Primary Days

初出

オリンパスプラザ東京:2008年8月18日(月)~8月27日(水)

オリンパスプラザ大阪:2008年12月5日(金)~12月11日(木)

Primary Days   

 

写真 薈田純一 (わいだじゅんいち)

私は小学校の光景にずっと惹かれていた。ビデオや卒業アルバムの中にあるものではない。記憶の中に忽然と現れる光景だ。

「記憶」と書いてしまって、実は少し躊躇する。いつも思い出せるものではない。なにかの匂いや場面がきっかけとなって、まるで不意打ちのように光景が広がるから。匂いや感触、心情までもがよみがえるのだ。

 偶景というのだそうだ。偶景は取り立てて重大な記憶と言うわけではない。大抵は小さな事件とか出来事といった類のものだ。けれど偶景はとても印象深くて、私はショックを受けたように取り込まれてしまう。そしてそれは決まって小学校時代のものなのだ。

 

 

 

 I had always been fascinated by certain scenes of elementary school days. Not from the images of videos or graduation albums. It is scenery that suddenly arose in my memory. A memory, I said, but I hesitate, because these scenes that I suddenly see cannot be recalled at will. There is always a trigger, a sent or a smell, maybe scenery that make me remember. I am taken an aware as, and the scenery expands. The smell and touch, and even the emotions and sentiments that I had in that event revive.

 

 Those are called “Incidents”.”Incidents” are memories that is not particularly important to one, most of them are tiny events or happenings, but those "Incidents" that suddenly arose is so impressive and striking, I am easily caught in, or taken up like being in a shock, and "Incidents" that  I remember are always from the days of elementary school.

 

 Jun WAJDA

 

 


Visions of Trees

初出

コニカミノルタプラザ:2004年6月

 

Visions of Trees

 

                                                            写真 薈田純一 (わいだじゅんいち)

 

夜、暗いピントガラスにむかって、冠布をかぶる。外界よりなお暗い囲われた空間のなかで、ようやく木の輪郭を見つけ出す。
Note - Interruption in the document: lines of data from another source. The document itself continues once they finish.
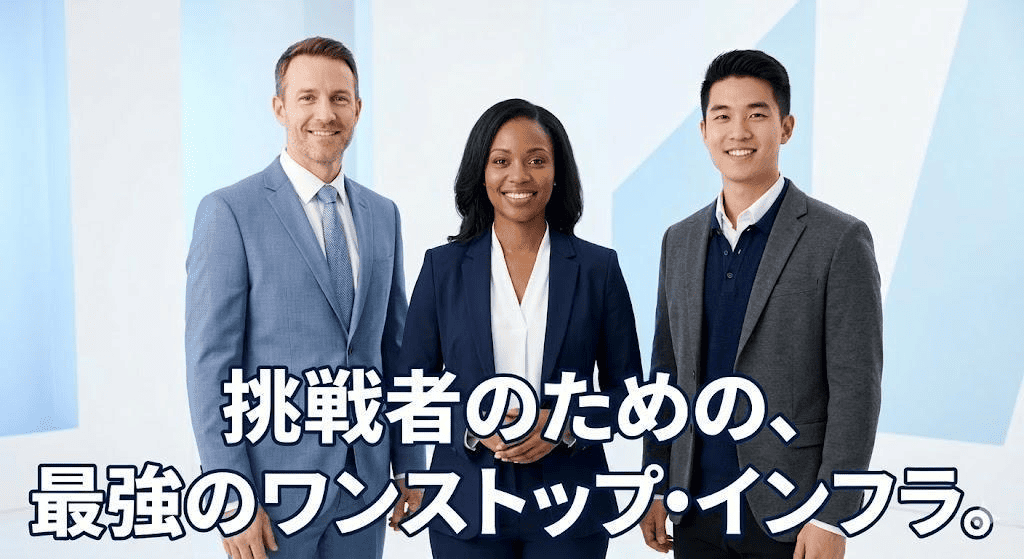 面倒な手続きはGMOに任せて「本業」に集中！ワンストップ支援のメリット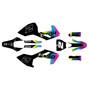 husqvarna fs450 graphics kit 2016-2018 splinter series rainbow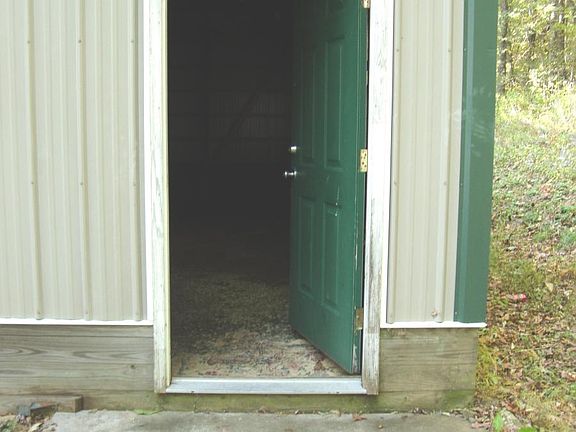 Barn Entrance to reach apt.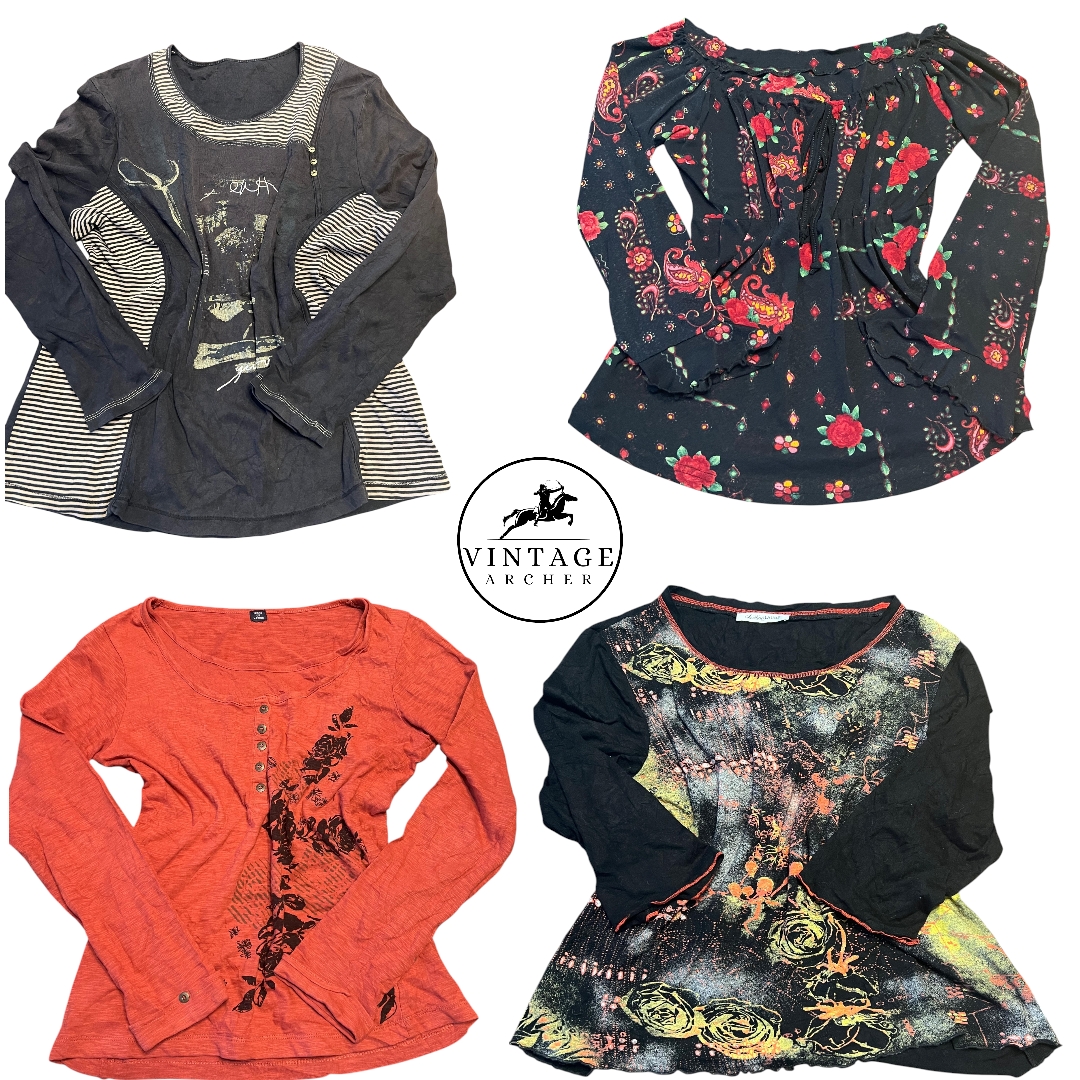 Pack de mode pour femmes Muse parisien rétro 10 pièces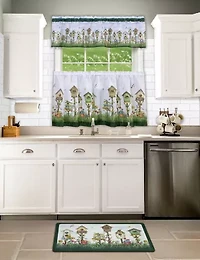 Achim Home Sweet Home Bird Houses Anti-Fatigue 18"X30" Kitchen Mat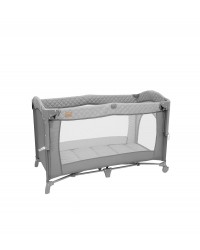 Berço/Cama de Viagem Co-Sleeping - Cinzento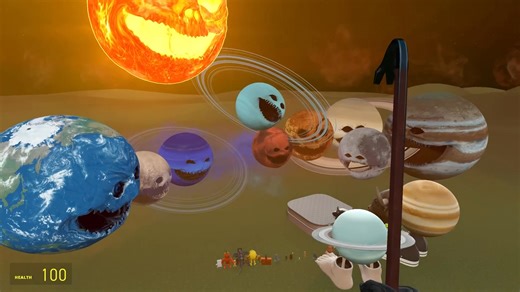 Giuppitere Giuppitercito And Saturno Saturnita Vs All Planets Wake Up (Garry's Mod) #brainrot #garrys_mod #gmod #skibiditoiletmultiverse | Piyush Gaming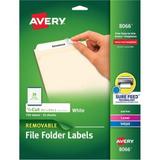 1 PK Avery Removable File Folder Labels (8066)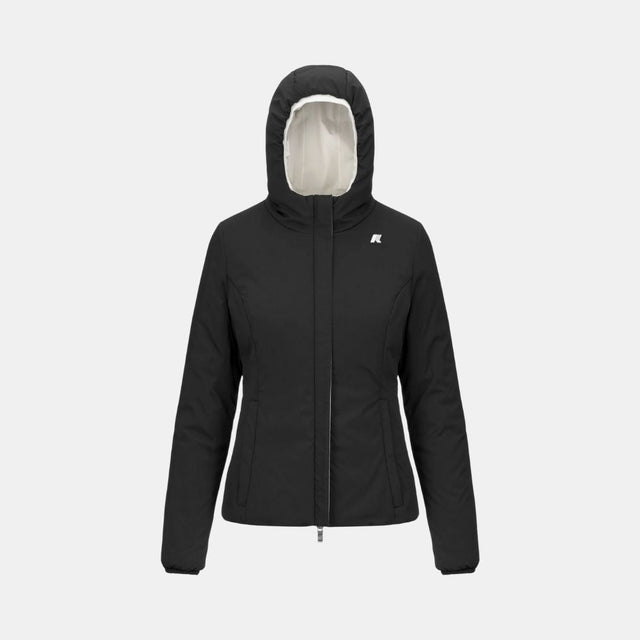 K-Way Lily St Warm Reversible White Gardenia & Black Pure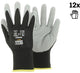 Safety jogger handschoenen prosoft 3121x | zwart grijs | maat 9 - 00.118.109.09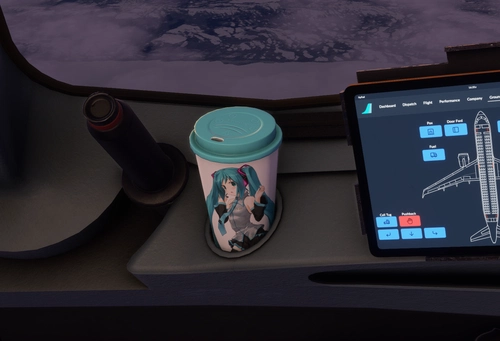 Hatsune Miku Cup A32NX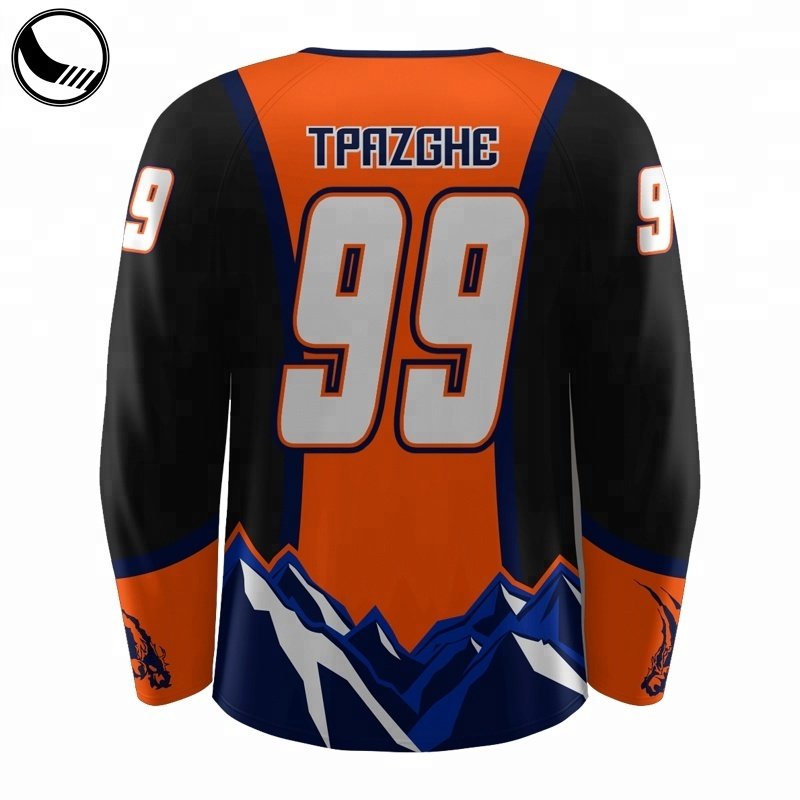 BETHERIVAL minor league team set hockey jerseys custom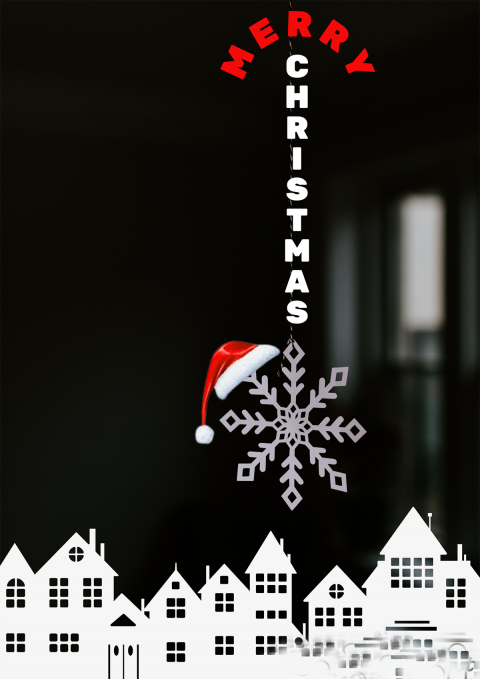 Merry Christmas Day HD CB PicsArt Editing Background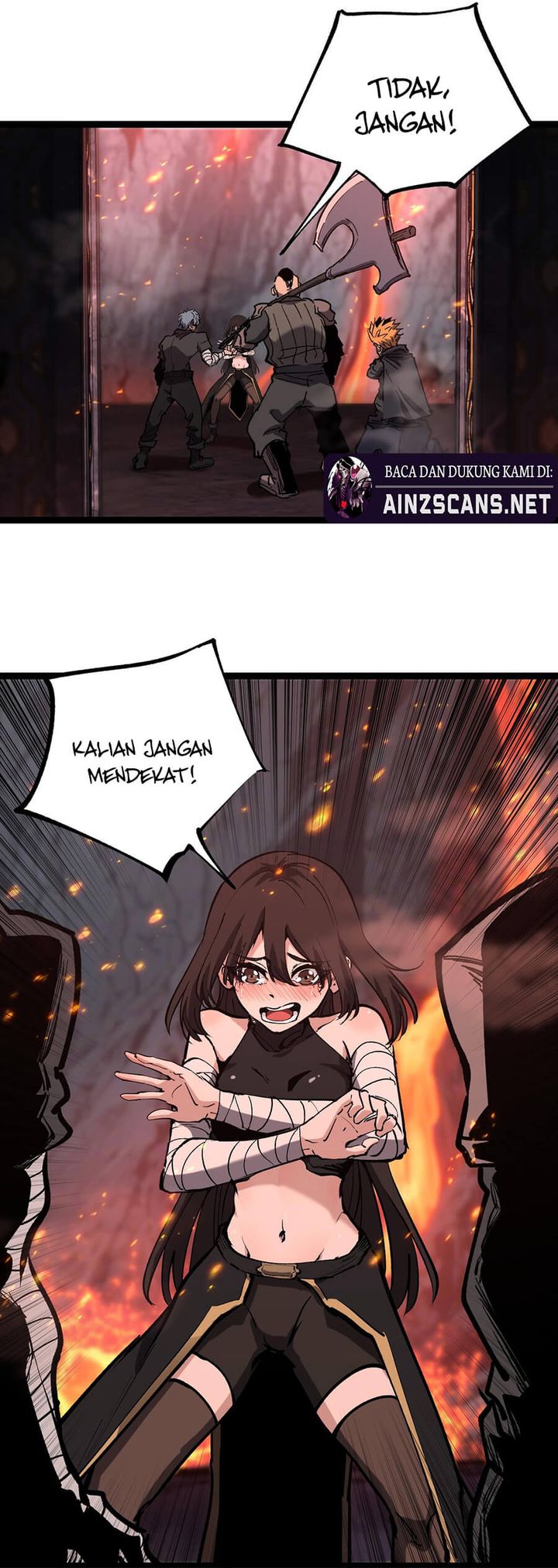 God-level Assassin, I’m the Shadow Chapter 46 Gambar 9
 冠布の外の人たちにとって、僕のしていることは不可解に違いない。雑踏の中で黒い布をかぶって、いまどき写真館でも見ない蛇腹のカメラで街路樹にむかっているのだから。

 「何してるんですかー」、と当然よく話しかけられる。何気ない質問。酔っ払いの絡み。職務質問。激励、苦情、はたまた怪しげな売人までがよってくる。最初はそれが嫌でなるべく避けていたけれども、あるとき気がついた。

 撮影のとき、僕はいささかなりとも木の世界の側にいるとおもっている。けれどもその世界に溺れてしまうのはどうだろうか。そんな時、ひとから「あなたは誰」と問われると、僕は自分の立っている位置をはっきりと知ることが出来る。それは木と人間、あるいは客観的現実と内的な現実の「はざま」に立っているということだ。「はざま」にいるからこそ両方の世界を結ぶものが出来るのではないだろうか。

 絵画と写真は従兄弟のようなものだけれども、撮影と言う行為は描くことよりもルーチン化されている。創造というより作業だ。その一見おもしろみのない作業を「はざま」でする。撮影は、木の側と人の側を同時に経験することでもある。その先にようやく一つのプリントがある。

 

 暗室の水洗桶のなかで、紙の繊維にたっぷりと水をふくんだプリントがゆらゆらと揺れている。そこに二つの世界が何ともいえず写しとられているのを運よく見つけられたとき、声をかけてくれて人にみてもらいたいなと思うのだ。


プライベート・チャイナ・旅の記憶

 

 

 かつて訪れた場所への旅で置き去りにしてきた自分の影に出会う。開封の胡同で、北京の街で、迷っていた自分がいた。広州から鄭州までの長距離寝台列車の中で、十三年前の僕が筆談で途方に暮れている。それらの無意識に採録された生々しい「時」が呼びさまされて背中がぞわっと粟立つ。

 空想が駆ける。置き去りにしてきた影はどんな人生を送ってきたのだろう。苦いか、喜びに満ちたものか。気がつけば影のことばかり考えている自分がいる。

 考えるな。旅をカメラに託してしまえ。レールが甲高い音を立てる。古くて新しいスターフェリー、緑海の深さ、高速艇の白い軌跡、今日の飯、腹痛、若い夫婦の床屋、値段の交渉。

 そうやって愚直に旅を刻んできたら、洛陽の路地でまた置き去りにしてきた影をみた。誰もいない路地に今度はかまわずシャッターを切った。

 そのとき、僕のプライベート・チャイナは旅の記憶となって別の物語を奏るのだなぁと思った。僕は少しほっとしたような気持で夕暮れの駅へいそいだ。